The 3 months correlation between Thrivent and First is -0.12. Overlapping area represents the amount of risk that can be diversified away by holding Thrivent High Yield and First Capital in the same portfolio, assuming nothing else is changed. The correlation between historical prices or returns on First Capital and Thrivent High is a relative statistical measure of the degree to which these equity instruments tend to move together. The correlation coefficient measures the extent to which returns on Thrivent High Yield are associated (or correlated) with First Capital. Values of the correlation coefficient range from -1 to +1, where.

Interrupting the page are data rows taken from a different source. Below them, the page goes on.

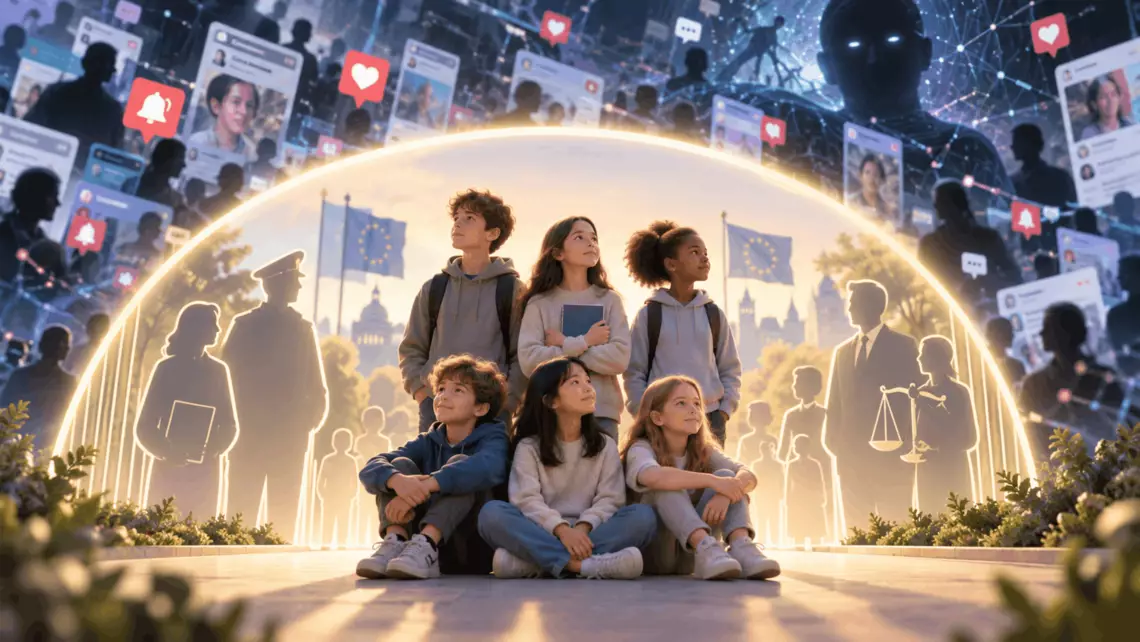 6 enfants sous une bulle de protection avec au-dessus plein de contenus faisant référence aux réseaux sociaux afin d'imager la protection de la jeunesse face aux réseaux sociaux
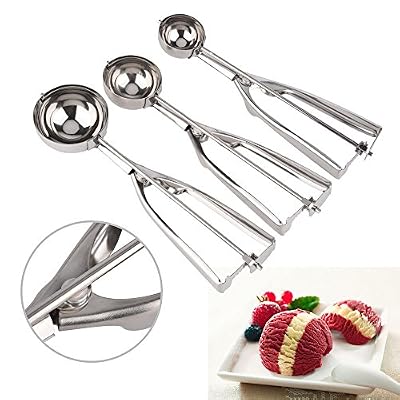 BASEIN Cuillère à crème glacée avec déclencheur Multi-fonction en acier inoxydable pour crème glacée et fruits 3pcs Set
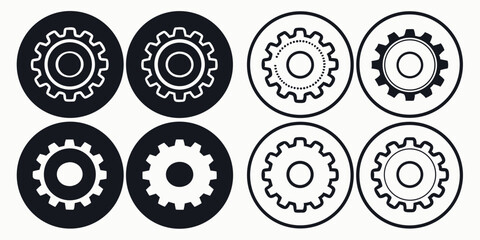 Fototapeta premium Collection of Eight Gear Icons in Various Styles for Web Design and Applications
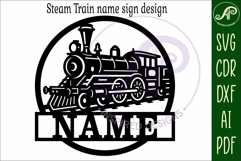 Steam Train name sign design for laser cutting Product Image 4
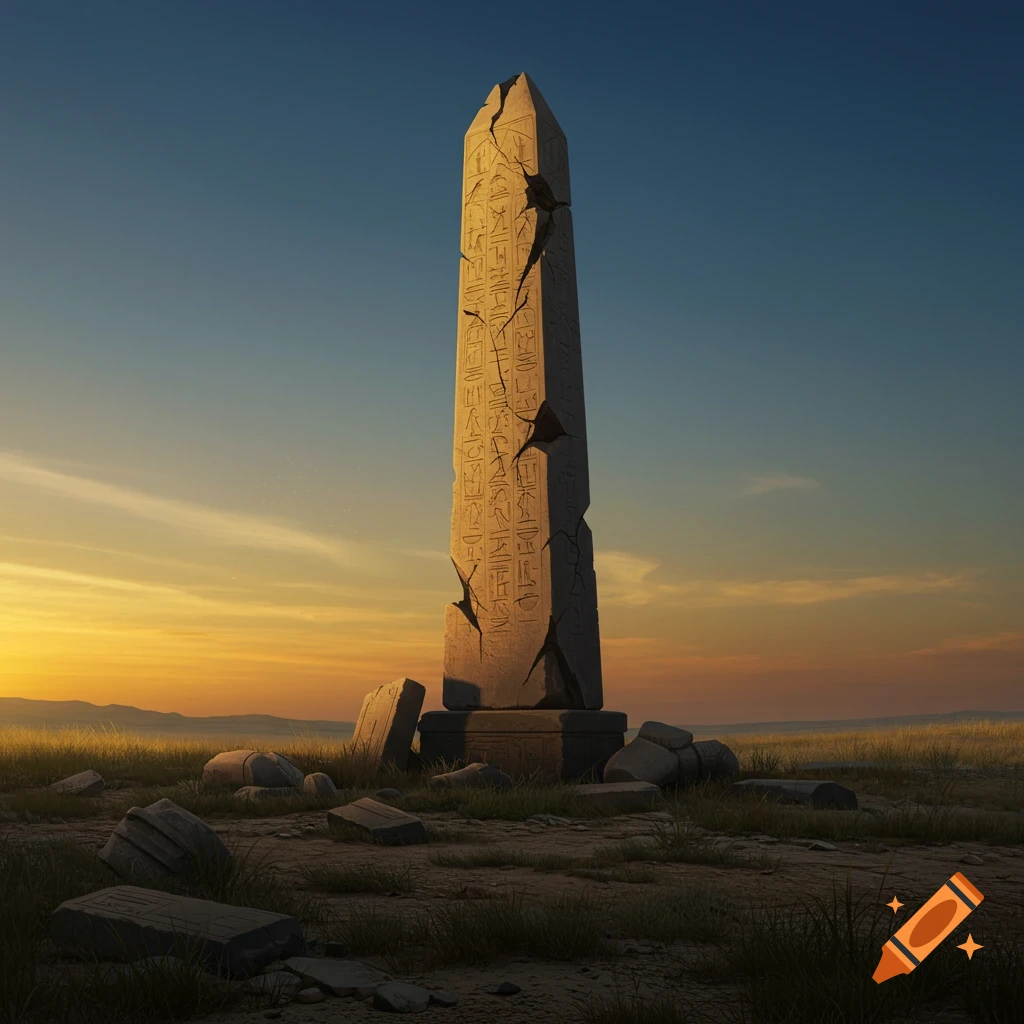 A crumbling ancient obelisk stands in a grassy field at sunset, with broken stones around its base.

The correlation of zero (0) is possible when the price movement of First Capital has no effect on the direction of Thrivent High i.e., Thrivent High and First Capital go up and down completely randomly.

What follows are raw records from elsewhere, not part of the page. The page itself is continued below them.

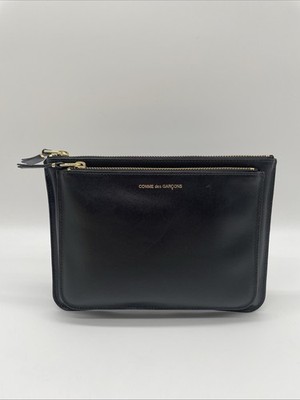 Comme Des Garcons Double Pocket Ledertasche Clutch Tasche Schwarz Neu
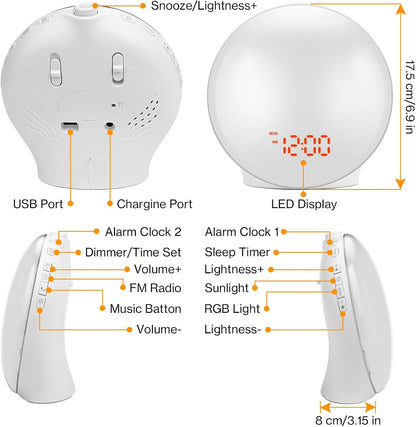 Sunrise Light Alarm Clock Multifunction Smart Wake Up Lamp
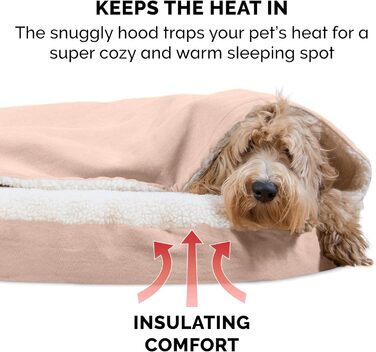 Ортопедичне ліжко для собак Furhaven середнього та малого розміру, 66 см, знімний, пральний чохол, для собак до 13,6 кг – Sherpa & Wildleder Snuggery – Блакитний, 66 см (імітація овечої вовни та велюр, кремовий, 112 x 112 x 7.6 см)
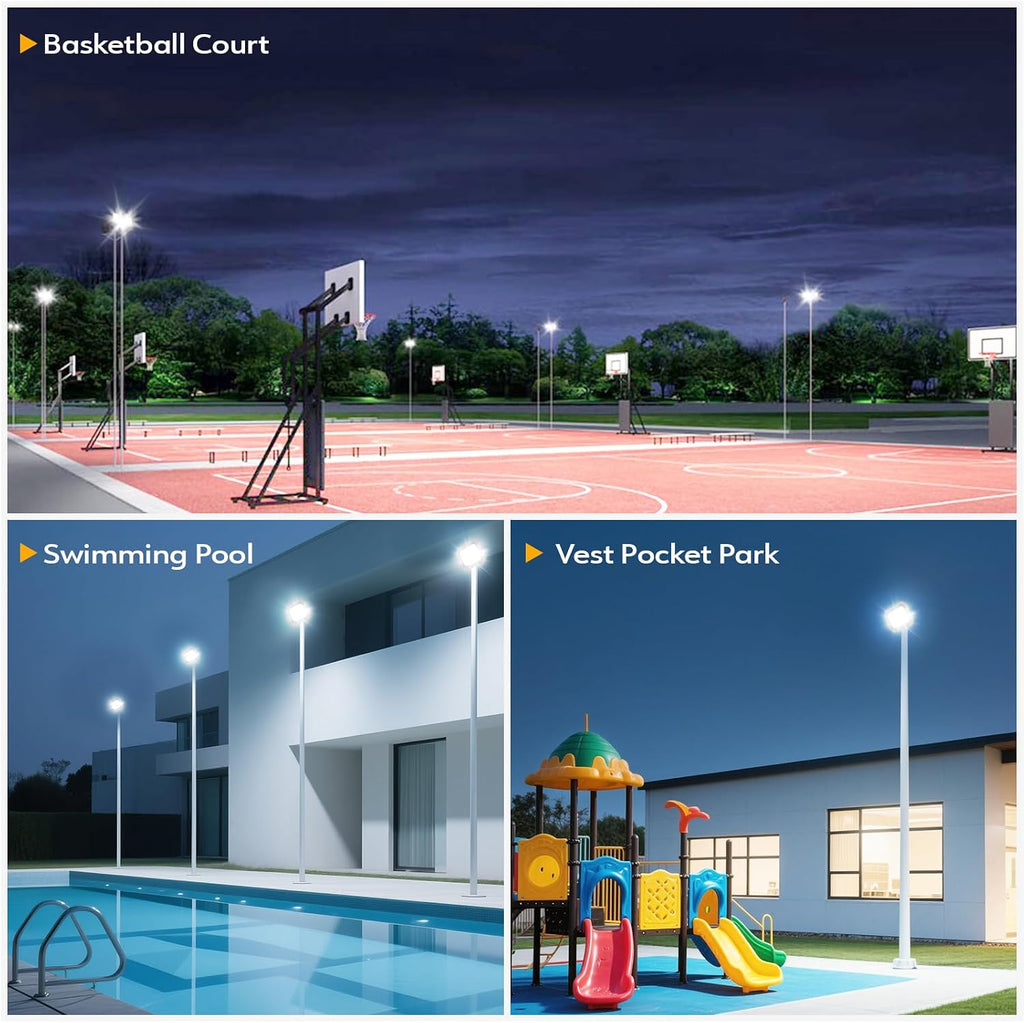 2 Pack LED Flood Lights Outdoor, 200W 20000LM Outside Work Light | Super Bright FloodLight with 5.9FT Plug, IP65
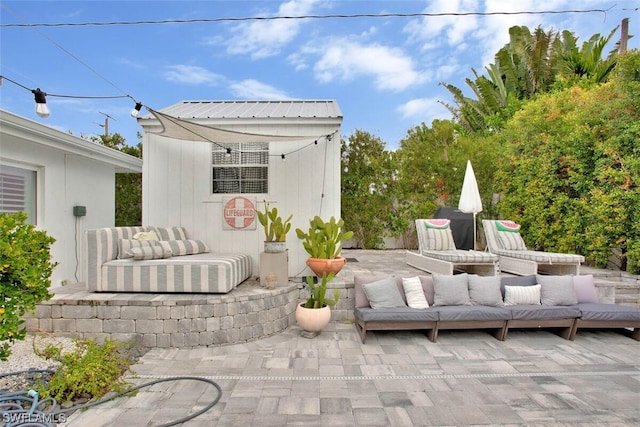 view of patio / terrace with an outdoor living space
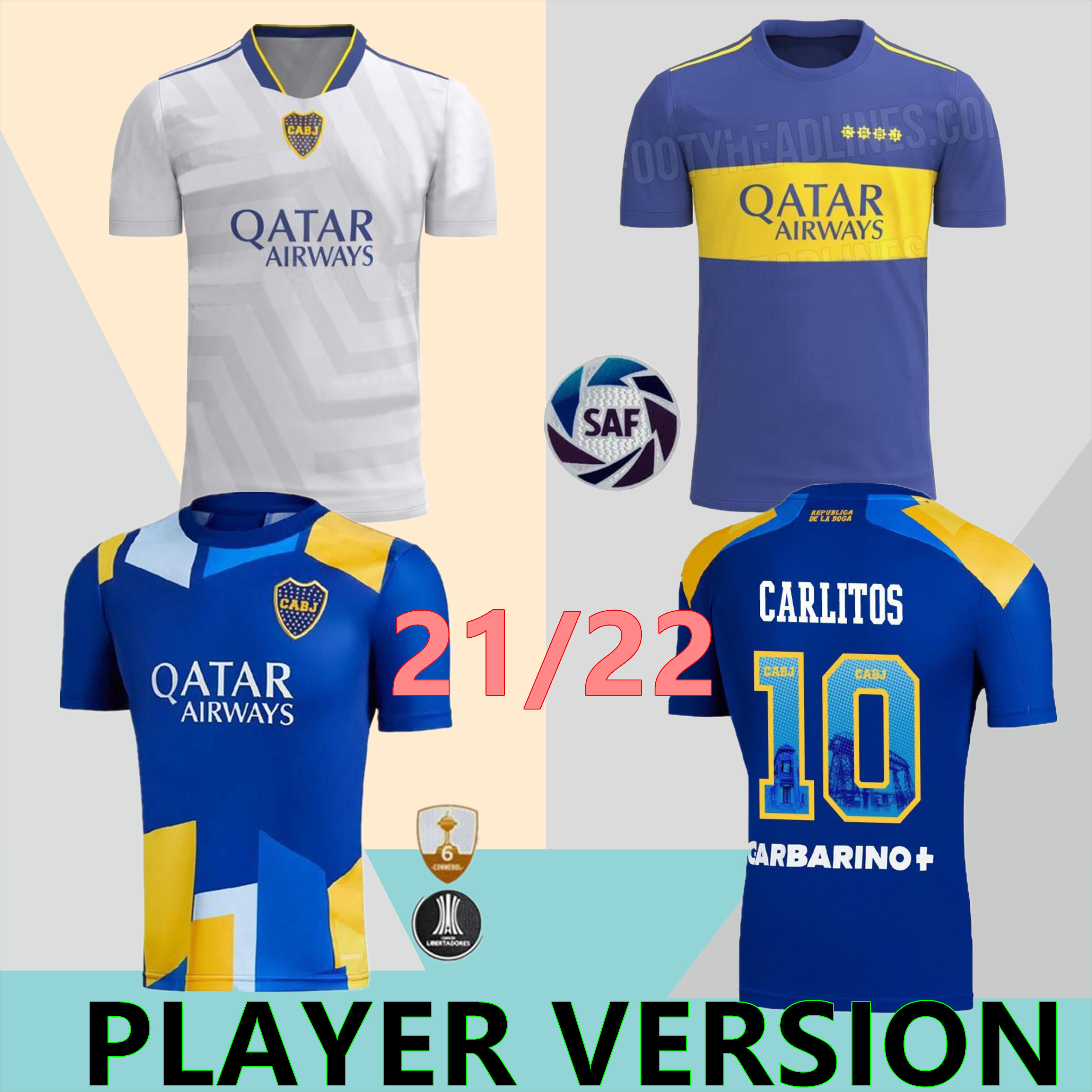 

21/22 BC Juniors soccer jerseys Player version CARLITOS MARADONA TEVEZ DE ROSSI 2021 third 3rd 4th jersey MEN s SETS football shirt uniforms Thailand, Black;yellow
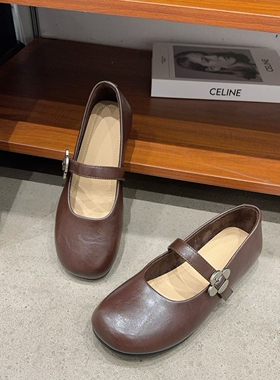 AAL5888-1软底软面方头玛丽珍单鞋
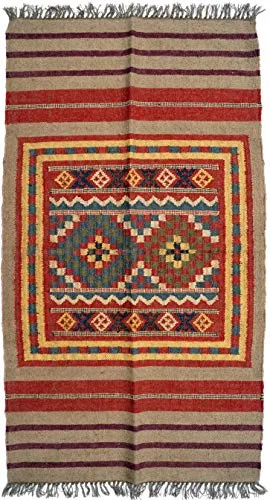 Orientalischer grob gewebter Kelim Teppich - Ethno Stil 260x80 cm - Teppich aus 50% Wolle und 50% Jute, fair gehandelt in Indien. Einzigartiger Ethno-Stil, ideal für stilvolle Akzente in Ihrem Zuhause.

Pair Corralation between Thrivent High and First Capital

Assuming the 90 days horizon Thrivent High Yield is expected to generate 0.06 times more return on investment than First Capital. However, Thrivent High Yield is 15.51 times less risky than First Capital. It trades about 0.08 of its potential returns per unit of risk. First Capital is currently generating about -0.29 per unit of risk. If you would invest  426.00  in Thrivent High Yield on September 12, 2024 and sell it today you would earn a total of  1.00  from holding Thrivent High Yield or generate 0.23% return on investment over 90 days.
Time Period3 Months [change]
DirectionMoves Against 
StrengthInsignificant
Accuracy95.45%
ValuesDaily Returns

Thrivent High Yield  vs.  First Capital

 Performance 
       Timeline  
Thrivent High Yield 

Risk-Adjusted Performance

11 of 100

 
Weak
 
Strong
Good
Compared to the overall equity markets, risk-adjusted returns on investments in Thrivent High Yield are ranked lower than 11 (%) of all funds and portfolios of funds over the last 90 days. In spite of fairly strong forward indicators, Thrivent High is not utilizing all of its potentials. The current stock price disturbance, may contribute to short-term losses for the investors.
First Capital 

Risk-Adjusted Performance

0 of 100

 
Weak
 
Strong
Very Weak
Over the last 90 days First Capital has generated negative risk-adjusted returns adding no value to investors with long positions. Even with relatively invariable basic indicators, First Capital is not utilizing all of its potentials. The current stock price agitation, may contribute to short-term losses for the retail investors.

Thrivent High and First Capital Volatility Contrast

   Predicted Return Density   
       Returns  

Pair Trading with Thrivent High and First Capital

The main advantage of trading using opposite Thrivent High and First Capital positions is that it hedges away some unsystematic risk. Because of two separate transactions, even if Thrivent High position performs unexpectedly, First Capital can make up some of the losses. Pair trading also minimizes risk from directional movements in the market. For example, if an entire industry or sector drops because of unexpected headlines, the short position in First Capital will offset losses from the drop in First Capital's long position.
The idea behind Thrivent High Yield and First Capital pairs trading is to make the combined position market-neutral, meaning the overall market's direction will not affect its win or loss (or potential downside or upside). This can be achieved by designing a pairs trade with two highly correlated stocks or equities that operate in a similar space or sector, making it possible to obtain profits through simple and relatively low-risk investment.
Check out your portfolio center.
Note that this page's information should be used as a complementary analysis to find the right mix of equity instruments to add to your existing portfolios or create a brand new portfolio. You can also try the Insider Screener module to find insiders across different sectors to evaluate their impact on performance.